Following the launch of the innovative institute, Blue & Green Tomorrow spoke with members of the CFI management team and partner Unilever (which recently scooped its second sustainability trophy), to find out just how the institute proposes to revise the future of sustainable farming.
“The Tool has been piloted in over 20 crops and 22 countries around the world”, says Daniella Malin, project manager for the establishment of the CFI.
In the aspiration to universally administer the carbon calculator, the institute also envisions a growing “knowledge bank”, whereby a valuable network of farming industry specialists unite to provide an understanding of chain emissions management.
So, what is so ‘Cool’ about the Tool? Developed by Unilever and researchers at the University of Aberdeen, the unique programme allows user communities to ensure “continuous improvement”.
“The CFT is an excel spreadsheet”, explains Malin, “that allows farmers to input basic information – mostly off the top of their heads and then explore “what-if” scenarios for reducing greenhouse gas (GHG) emissions and/or sequencing carbon in the soil or above ground biomass.
“Two key things will help with this First; an online version of the tool is needed to ease data collection, data management, translation to other languages, adaptations of the generic core model to various crops and to provide an improved user experience.

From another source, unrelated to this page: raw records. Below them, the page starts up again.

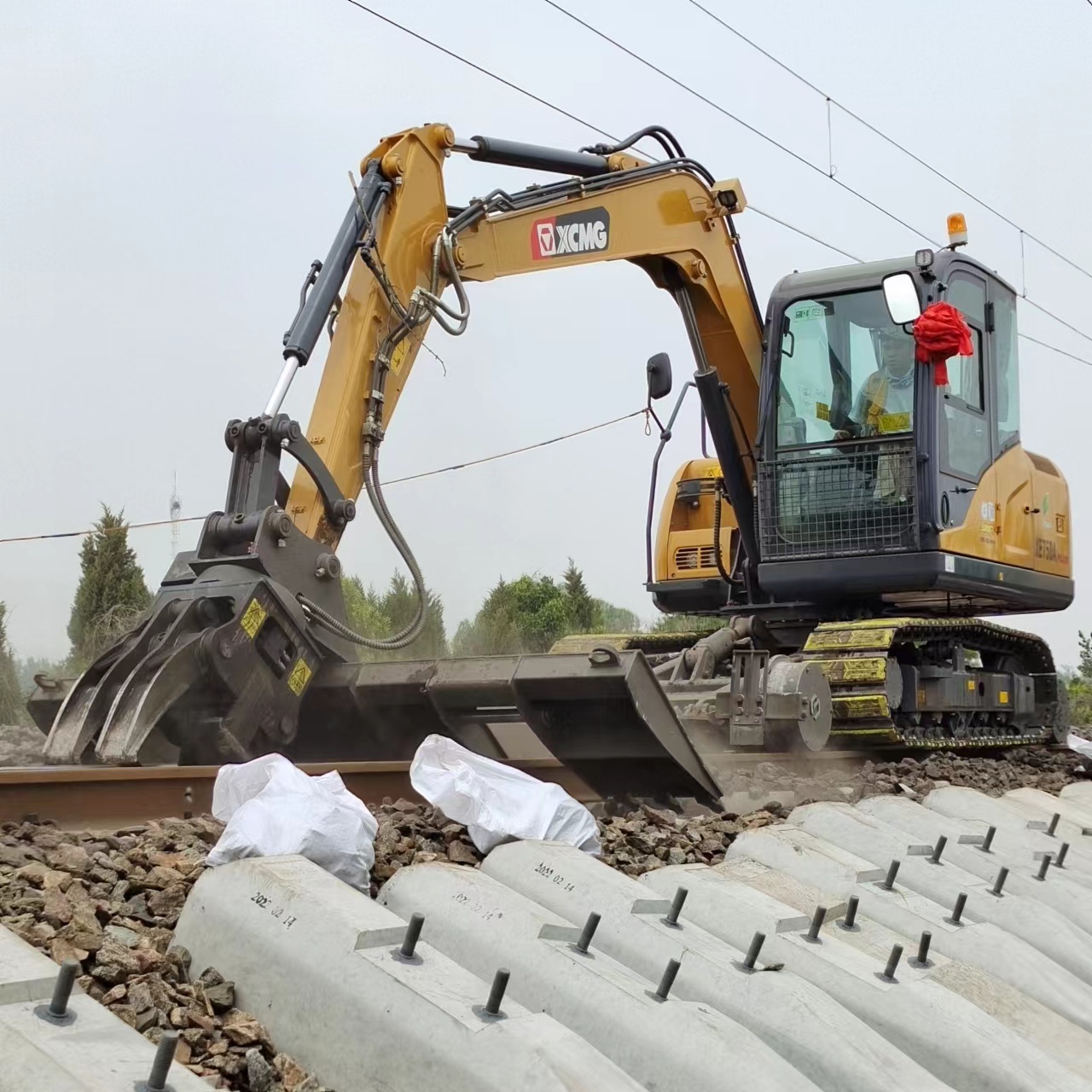 Why do railway excavators have to install Hi Rail System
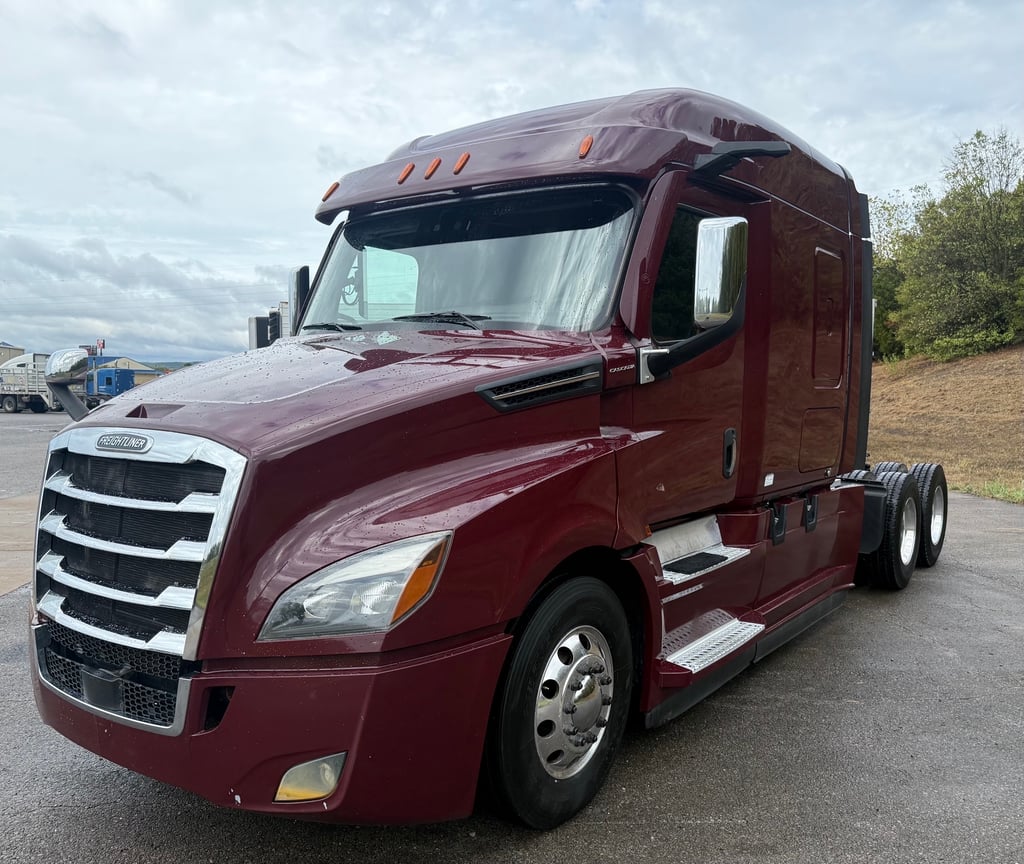 2021 Freightliner in Van Buren, AR — photo 2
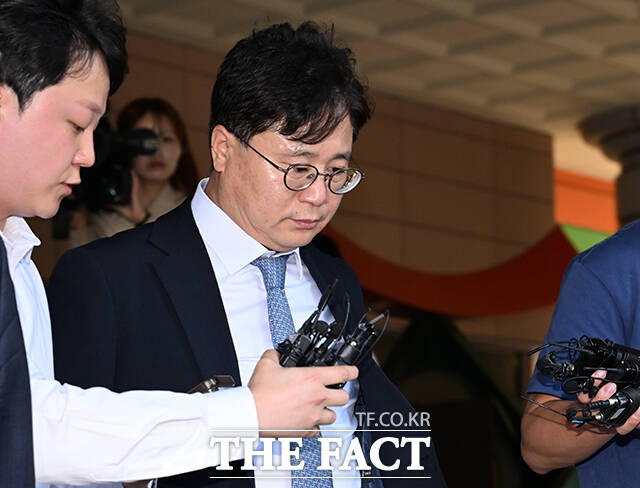 김승원 법무부 장관 후보자에게 신약 관련 청탁을 한 의혹을 받는 제넨셀 창업자 강세찬 씨가 15일 오후 서울 마포구 서울서부지방법원을 나서고 있다. /박헌우 기자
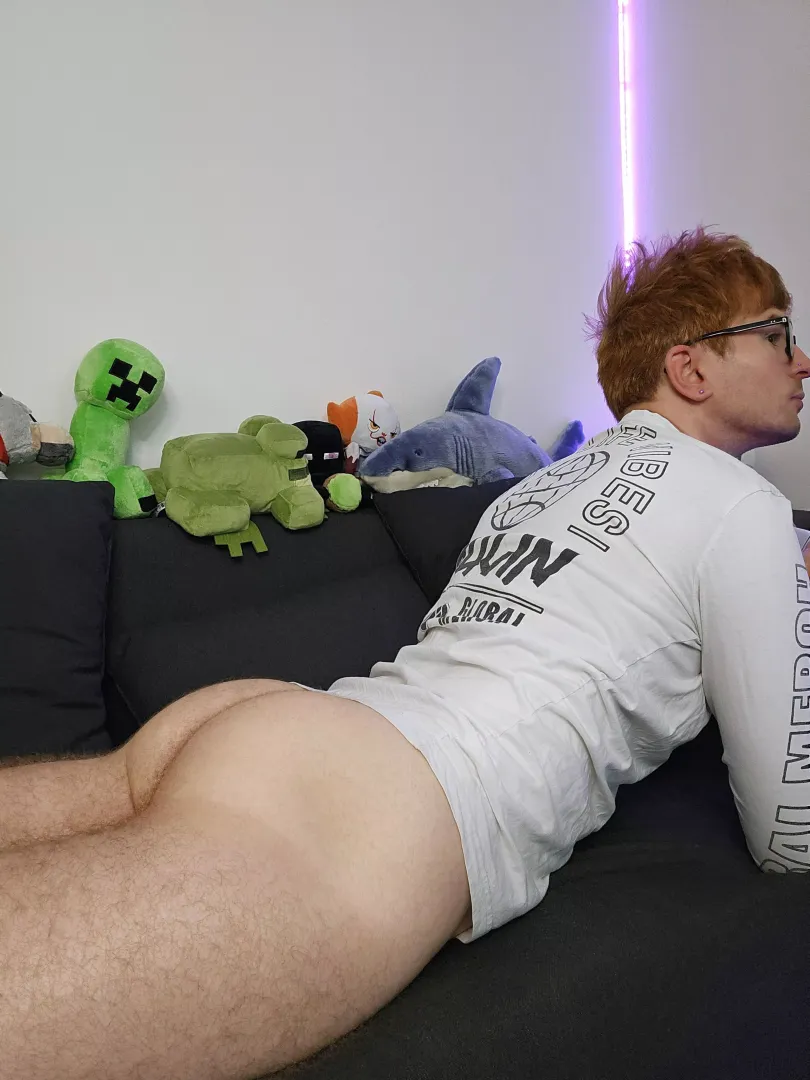Touch the butt 🍑 by Pantsoffgamer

“Second; a growing critical mass of partners are needed to promote standardisation, where possible, among sustainability initiatives, crops and regions.
“Goals for the first year are to establish the governance, the membership structure, business plan and to develop the software specification and initial web-based version of the software.”

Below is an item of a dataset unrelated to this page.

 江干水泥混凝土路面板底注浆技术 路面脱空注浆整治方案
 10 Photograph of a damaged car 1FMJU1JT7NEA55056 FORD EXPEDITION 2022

“We have seen a progression in interest and seriousness. Companies have moved from learning about the issue, to strategizing, to taking action”

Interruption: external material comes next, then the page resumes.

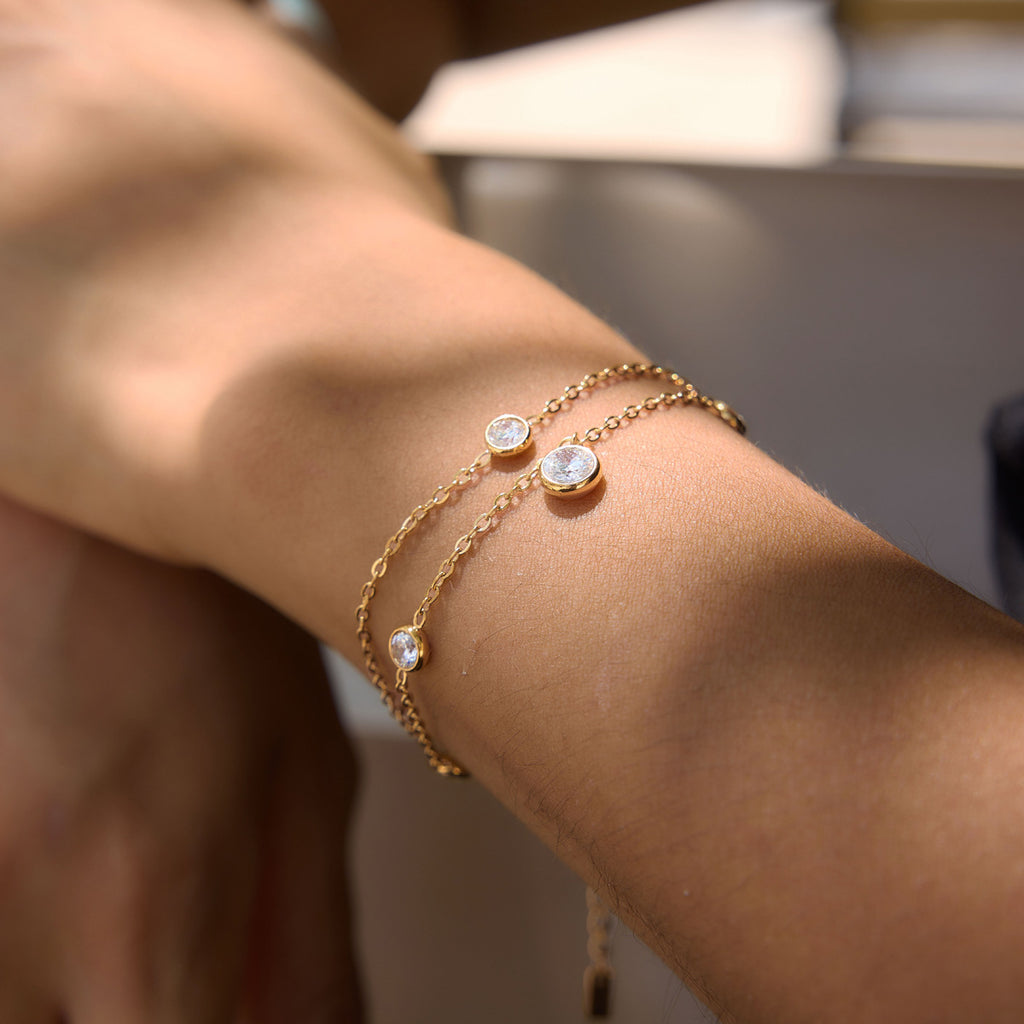 Damen Armband mit mehrlagigen Ketten und funkelnden Zirkonia Shop Nory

Malin also emphasised the importance of GHG management, a point which she feels is still greatly overlooked: “For the most part, the topic is still far from top of mind for growers who have their crop/livestock to think about, but we have seen progress.”
The CFT is simple enough to use. By downloading the inventive excel template, the global farming community can work with solid information on effective management of GHG emissions in agriculture.
Emma Keller, a sustainability research engineer with Unilever on the CFI management team, told us how the tool has already begun to change the face of GHG management: “Already we have had positive feedback from our own suppliers and are “learning by doing” along with peers who face similar challenges.
She adds, “At Unilever, we are working towards scaling up our deployment of the CFT within our supply chain.
“Moreover being part of the institute helps us to work jointly with our suppliers and growers on a journey for conscious improvement, using a robust and accepted decision support tool. This will help us to make progress on our sustainable sourcing and impact reduction ambitions and further build the strength of our brands.”
B> will continue to support sustainable initiatives in the search to prevent the effects of global warming. The CFI positions itself at the centre of future agricultural development and sets a leading-edge example.